A solid polymer-type fuel cell may be miniaturized to reduce weight because of generation of high power density and low temperature operability and is expected to be put in practical use as a power source for automobiles, a power source for stationary electric power generation, power generation equipment for mobile devices and the like.
A solid polymer-type fuel cell is provided with a pair of electrodes disposed on both sides of a proton conductive solid polymer electrolyte membrane, and generates electric power by supplying pure hydrogen or reformed hydrogen as a fuel gas to one electrode (fuel electrode) and an oxygen gas or air as an oxidant to the other electrode (air electrode).

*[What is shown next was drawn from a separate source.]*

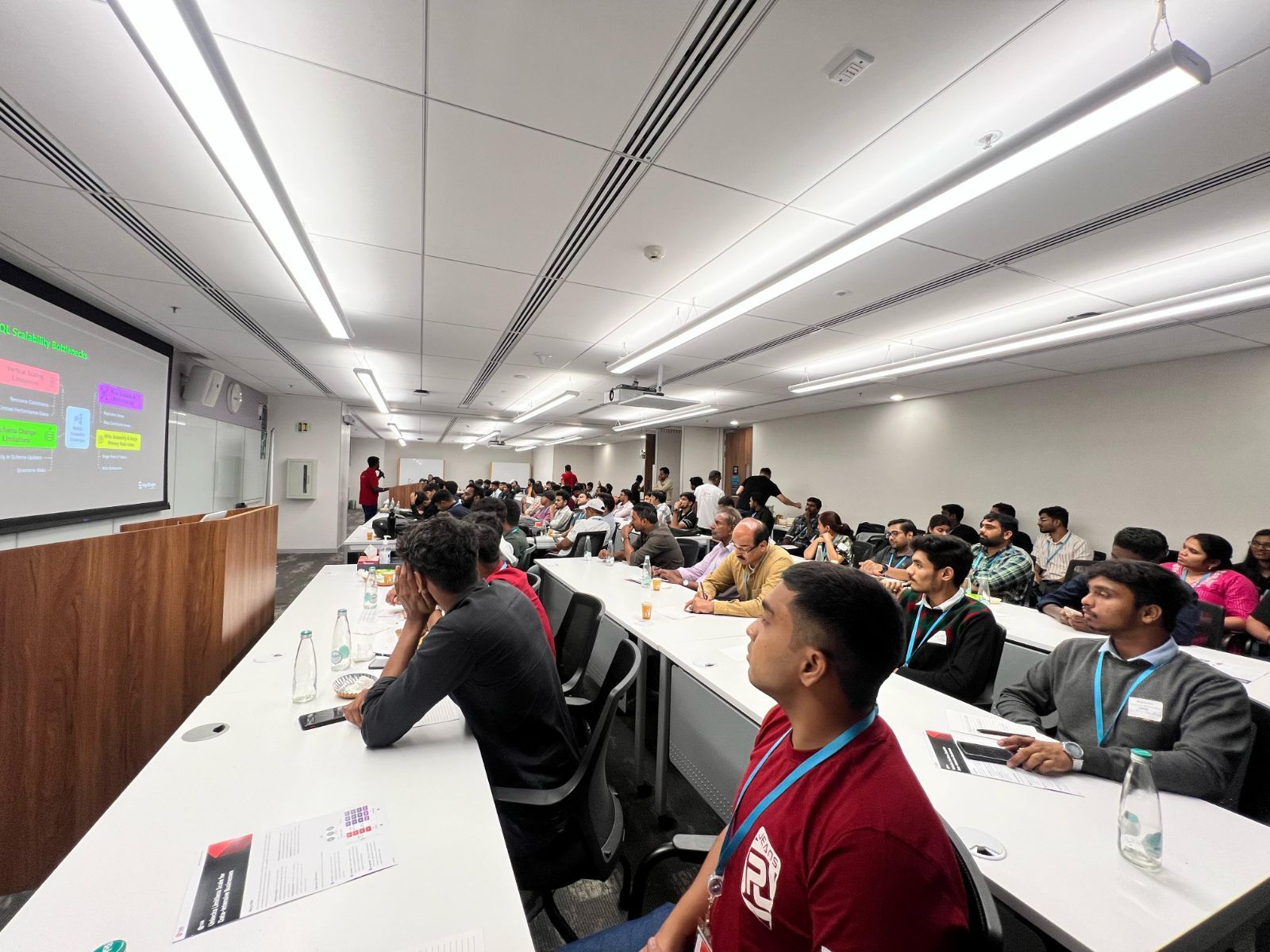An engaged audience of tech professionals listening in a classroom setting at the Mydbops-TiDB-AWS Distributed SQL meetup in Bengaluru.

An electrode for such a fuel cell is composed of an electrode electrolyte on which a catalyst component is dispersed (hence this electrode may be called an electrode catalyst layer in some cases), and the electrode catalyst layer on the fuel electrode side generates protons and electrons from the fuel gas, while the electrode catalyst layer on the air electrode side generates water from oxygen, protons and electrons, enabling the solid polymer electrolyte membrane to ionically conduct protons. Thus, electric power is generated from such electrode catalyst layers.
A conventional solid polymer-type fuel cell has used a perfluoroalkylsulfonic acid-type polymer represented by Nafion (trademark) as an electrode electrolyte. Although this material is excellent in proton conductivity, it is very expensive and its low combustibility resulting from many fluorine atoms within its molecule makes it very difficult to recover and recycle expensive noble metals such as platinum used as an electrode catalyst.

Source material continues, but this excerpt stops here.